106. In Calabria, on the south-eastern extremity of Italy; the Bruttii inhabited its southern point.
107. "The other," i.e. Chrysogonus, whose splendid house, furniture, ornaments, and large household of domestic servants and slaves he proceeds to describe.
108. Of gold, silver, and copper, famous for their workmanship.
109. Greek 'authepsēs': a utensil for boiling, resembling a tea-urn.
110. Others read 'enumerare', to count out, pay.
111. Citizens who disgraced their toga by appearing in the retinue of a freedman.
112. With reference not only to a man's birth, but also to his moral worth.
113. As a senator.
114. As a iudex.
115. Throughout this passage Cicero endeavours to attack Chrysogonus without appearing to attack Sulla and the aristocratic party.
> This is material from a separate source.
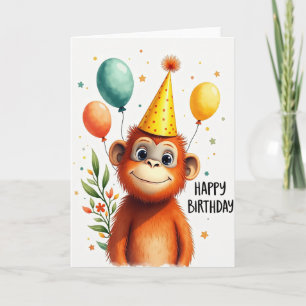 Joyful Monkey Party Hat Card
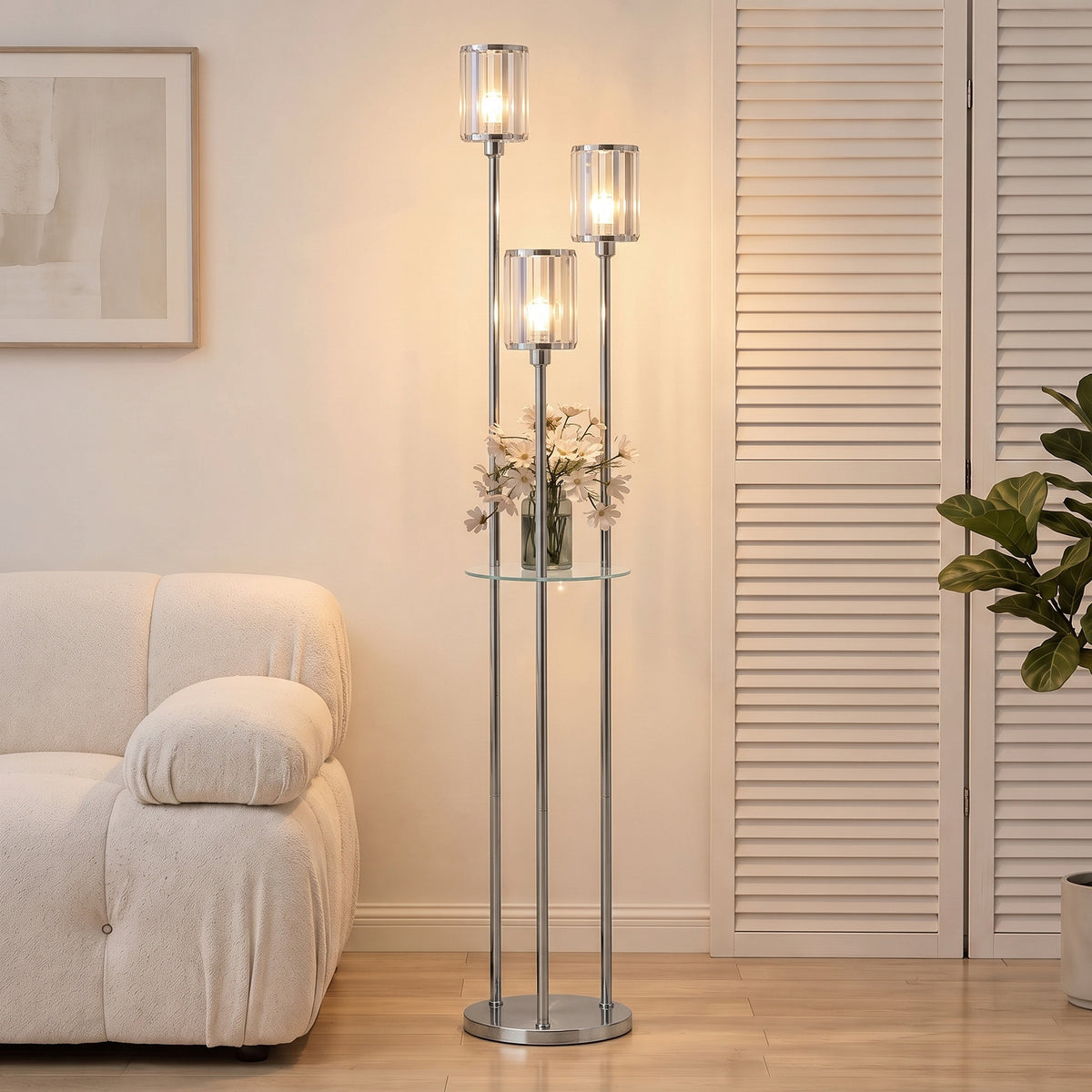 Tall chrome crystal floor lamp with three glass shades and dual-tier glass shelves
116. 'Equestrem splendorem'. This refers especially to the lex iudiciaria of Gaius Gracchus, whereby the office of iudices was transferred from the senators to the knights. This led to great jealousy between the two orders. In the civil war the knights were chiefly on the side of Marius, and hence were severely punished by Sulla.
117. Such as the proscriptions and the purchase of confiscated goods.
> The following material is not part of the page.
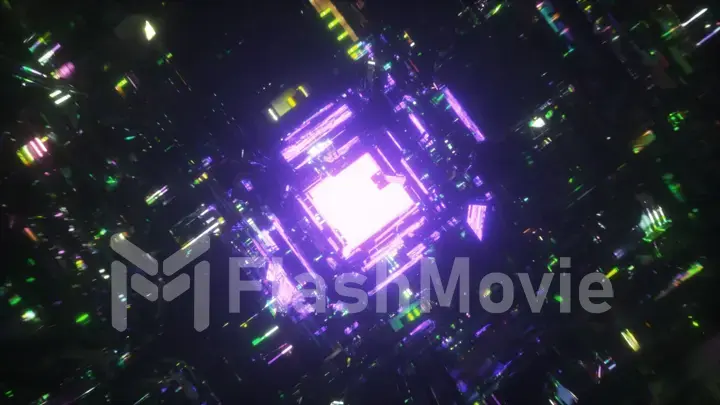 Flight through the dark tunnel towards the purple neon light. Laser glow. Neon backgrounds. 3d illustration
118. Anyone who considers blame of Chrysogonus to be an attack upon himself and the cause of the nobles, does not understand the cause, but knows his own bad position; at the moment when he feels insulted if Chrysogonus is attacked he severs himself from the party of the nobles.
119. Ius gentium : according to the Roman jurists, the principles of right and wrong recognized in the laws of all peoples, the law common to all nations, not the same as international law.
120. The seal-ring worn by every free Roman.
121. There is no fear of Sulla depriving you of it, seeing that you are his favourite, and also provision was made against it.
122. She was the daughter of Q. Caecilius Metellus, who obtained the name of Balearicus from his conquest of the Balearic Islands during his consulship in 123; of her uncles, Marcus suppressed a revolt of the Sardinians and Gaius defeated the Thracians. Her brother was Q. Caecilius Metellus Nepos, who was consul in 98. The mss. vary as to her name. In § 27 she is described as "Nepotis filiam," here as "Balearici filia, Nepotis soror." But since there is little doubt that she was the daughter of Metellus Balearicus, the text has been altered to correspond.
123. 'Mulier' and 'virtute' are purposely contrasted: the etymology of the latter ('vir', a man) is to be considered in reference to the sentence "cum esset mulier."
124. It is uncertain who this Messalla was : either the consul in 61 B.C., or in 53, who was now about sixteen years old.
125. 'Consilium publicum': the name commonly applied to the senate, here also to the assembly of iudices summoned by a public official, the praetor.